Ce projet de loi ambitionne également de « combler le vide juridique en régissant le traitement des données personnelles dans les domaines policier et judiciaire », ouvrant la voie à la finalisation d’accords stratégiques avec des institutions internationales telles que Eurojust. Il représente un levier diplomatique permettant à l’Algérie d’espérer une sortie de la liste grise du Groupe d’action financière (GAFI), qui surveille les juridictions à risques en matière de lutte contre le blanchiment d’argent et le financement du terrorisme.
S’agissant du second texte, le ministre a précisé qu’il s’inscrivait « en application des orientations du président de la République, M. Abdelmadjid Tebboune, qui a ordonné de mettre en œuvre ces recommandations, tout en veillant à ce qu’elles soient adaptées au système juridique national, afin de lever les réserves internationales sur la législation nationale en la matière ».
Ce texte de loi vise à « renforcer le dispositif national de prévention du blanchiment d’argent et du financement du terrorisme, conformément aux normes internationales, notamment les recommandations du GAFI ». Il constitue ainsi une réponse structurée et adaptée aux exigences de la gouvernance mondiale, tout en respectant les spécificités du cadre juridique algérien.
Parmi les amendements majeurs figurent notamment « la criminalisation de la non-déclaration des véritables bénéficiaires, la révision du système des sanctions financières ciblées, la déclaration obligatoire des véritables bénéficiaires, la définition des sanctions encourues en cas de non-déclaration ou d’infraction aux procédures juridiques en vigueur », ainsi que « le renforcement des prérogatives du Comité national d’évaluation des risques de blanchiment d’argent et de financement du terrorisme ». Ces mesures traduisent une volonté ferme d’aligner les pratiques algériennes sur les standards internationaux les plus rigoureux.

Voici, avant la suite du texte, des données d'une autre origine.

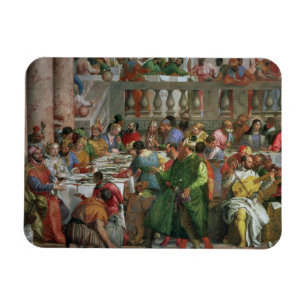 Das Hochzeitsfest in Cana, Detail des Banketts Magnet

L’architecture de contrôle et de supervision est également repensée, permettant « aux autorités de contrôle et de supervision d’émettre les orientations pratiques et les lignes directrices », tout en veillant « au respect par les organisations, notamment les organismes à but non lucratif, de leurs devoirs légaux y afférents ».

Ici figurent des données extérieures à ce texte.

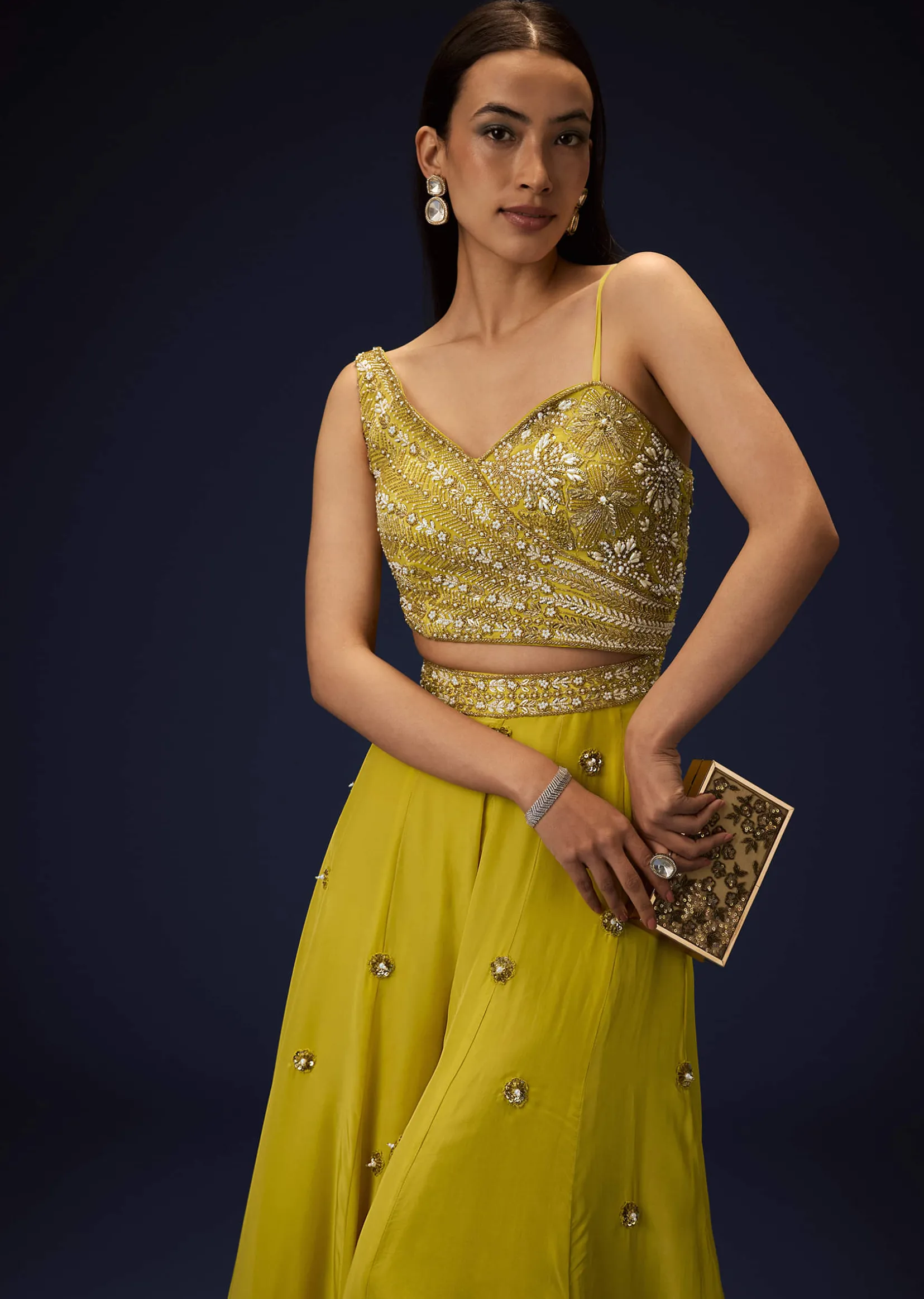 Sunglow Mustard Hand Embroidered Double Layer Frill Jumpsuit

L’objectif affiché est aussi de « renforcer les capacités d’investigation et de constatation, de réviser le système pénal, ainsi que de renforcer la coopération internationale », instaurant ainsi une dynamique vertueuse entre institutions judiciaires nationales et partenaires internationaux.
Pour sa part, M. Mohamed Rebah, président de la Commission des affaires juridiques, a salué l’initiative du gouvernement, la qualifiant de contribution concrète aux efforts visant à « moraliser la vie publique, à renforcer la sécurité et la stabilité et à consacrer le principe de protection des libertés publiques ». Ces propos mettent en exergue le lien indissociable entre sécurité, transparence et respect des droits fondamentaux dans la vision politique actuelle.
La parole a ensuite été donnée aux membres de la Commission, qui ont exprimé diverses préoccupations et observations, avant d’écouter les réponses détaillées du ministre. La Commission s’attelle désormais à l’élaboration des rapports préliminaires relatifs à ces deux projets de loi, en vue de leur présentation en séance plénière lundi prochain.
Ces réformes ambitieuses s’inscrivent dans une logique de refonte profonde du cadre normatif national, pour mieux armer l’Algérie face aux défis de la gouvernance globale, de la cybersécurité, et de la criminalité financière.